Antônio não tem ascendentes ou descendentes vivos. Tem, por outro lado, dois irmãos: Maria e Regina. Maria, por sua vez, tem dois filhos pequenos: Pedro, de 8 anos, e Ana, de 6 anos.

Antônio e Maria estavam viajando juntos quando sofreram um acidente de avião. Ambos faleceram no acidente, e não foi possível determinar quem morreu primeiro, caracterizando a comoriência.

Problemática.
Como ocorreu a comoriência, por ficção jurídica parte-se do pressuposto de que Antônio e Maria morreram simultaneamente, e, portanto, não há nenhum pré morto. Portanto, temos duas possibilidades:

Possibilidade 1: considerar que apenas Regina é herdeira e, dessa forma, atribuí-la 100% do valor do seguro.
Possibilidade 2: considerar que Pedro e Ana podem herdar por representação da mãe falecida, em concorrência com Regina.

Qual a possibilidade correta?
A possibilidade 2. Mesmo em caso de comoriência, é cabível o direito de representação para fins de identificação dos beneficiários de seguro de vida, quando o contrato é omisso e os beneficiários são definidos pela ordem de vocação sucessória.

Controvérsia.
O propósito da controvérsia é decidir se a comoriência entre o segurado e a irmã afasta o direito de representação dos filhos desta, para fins de utilização da ordem de vocação sucessória como critério para a definição dos beneficiários de seguro de vida diante da omissão do contrato.

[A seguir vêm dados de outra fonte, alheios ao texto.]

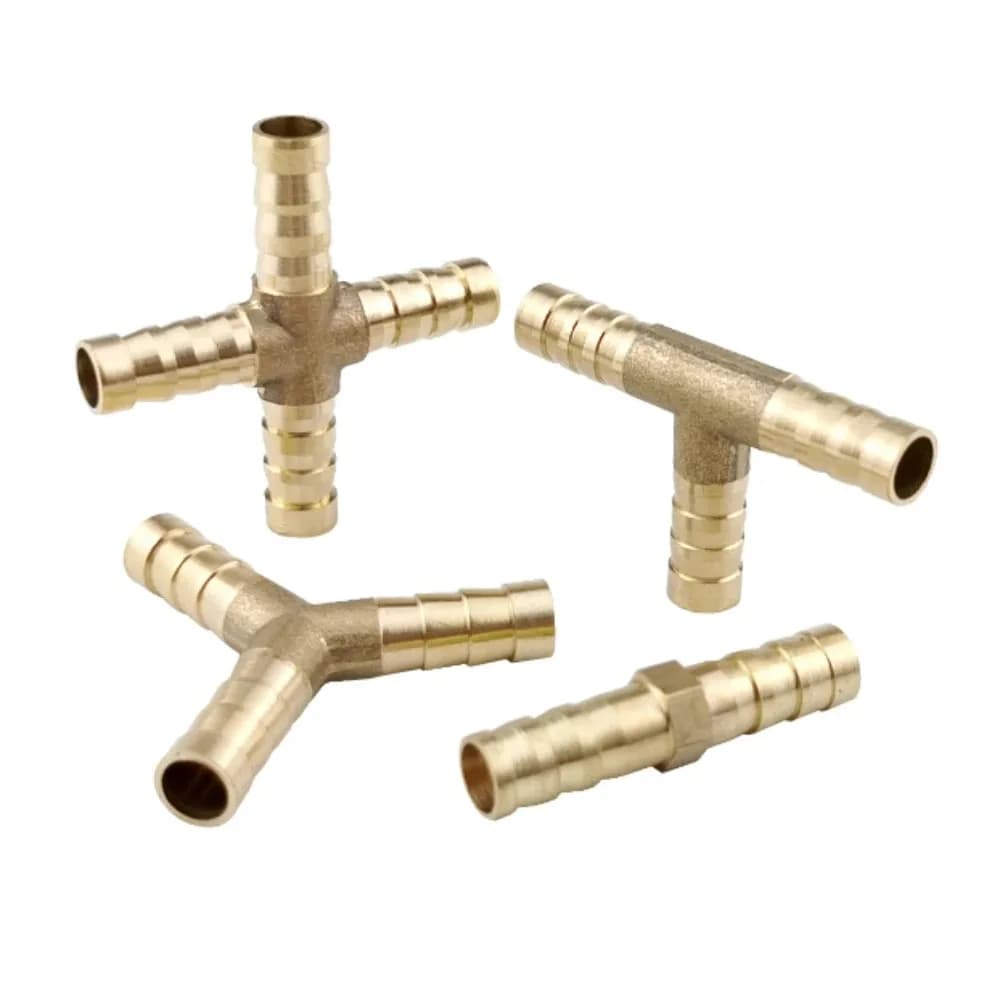 4 5 6 8 10 12 14 16 19 25mm Flexible brass pipe Straight elbow tube Tee Y Cross 2/3/4 Way fitting Splitter Connector House Garden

A legislação brasileira não afasta o direito de representação no caso de comoriência.
Em momento algum, a legislação brasileira determina que a situação de mortes simultâneas por presunção (comoriência) afasta o direito de representação (ou por estirpe). E não haveria razão de assim o prever. Pois, conferir tratamento jurídico diferente a pessoas que se encontram em situações fáticas semelhantes representaria afronta ao princípio da isonomia consagrado no art. 5º da CF.

Interpretação teleológica do instituto.
É preciso interpretar o art. 1.851 e o art. 1.854 do CC de acordo com a finalidade do direito de representação, que se destina a resguardar o interesse daquele que perdeu precocemente seus genitores – seja antes ou simultaneamente à morte do autor da herança. Ainda mais quando os que pleiteiam o direito de representação são crianças e adolescentes – inseridos na condição peculiar de pessoas em desenvolvimento, conforme reconhecido pelo art. 6º do ECA, e cuja proteção deve ser garantida com absoluta prioridade pela família, pela sociedade e pelo Estado (art. 227 da CF). Na mesma linha, o Enunciado n. 610 da VII Jornada de Direito Civil do – CJF dispõe que:

Enunciado nº 610 da VII Jornada de Direito Civil do CJF: Nos casos de comoriência entre ascendente e descendente, ou entre irmãos, reconhece-se o direito de representação aos descendentes e aos filhos dos irmãos

Conclusão…
Portanto, o direito de representação tem lugar quando aquele que seria sucessor, se vivo fosse, mas morreu antes (pré-morte) ou simultaneamente à abertura da sucessão (comoriência), é representado por seus filhos, que recebem a herança diretamente do autor, concorrendo com parentes de grau mais próximo.
STJ. REsp 2.095.584-SP, Rel. Ministra Nancy Andrighi, Terceira Turma, por unanimidade, julgado em 10/9/2024, DJe 12/9/2024 (info 825).